In this installment of the NDSA innovation working group’s ongoing series of innovation interviews I interview Thea Lindquist. Thea Lindquist is  an associate professor and history librarian at the University of Colorado Boulder. Through a project to digitize and enhance access to a collection of World War I materials, she became interested in the potential to increase interoperability and discovery across digital historical collections.
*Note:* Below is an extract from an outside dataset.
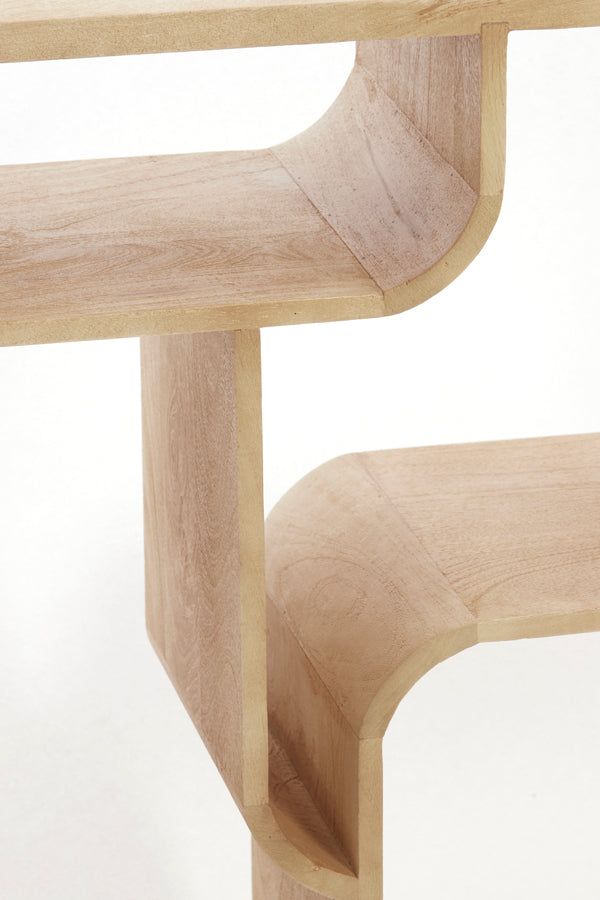 Cabinet open 140x30x82 cm LABARE wood matt natural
In 2011 she spent the fall term at Aalto University in Finland working with the Semantic Computing Research Group on a World War I linked open data project, which is ongoing.  The work was submitted to the 2013 Linked Open Data in Libraries, Archives, and Museums Summit as an entry to a challenge.  The entry video is available online, as is a demonstration of the project.

She is particularly interested in the geospatial-temporal aspect of linking data, springing in large part from her previous work as a geospatial information librarian at the University of Michigan.

Jane: Can you tell us how you got interested in the project you worked on as a Fulbright scholar?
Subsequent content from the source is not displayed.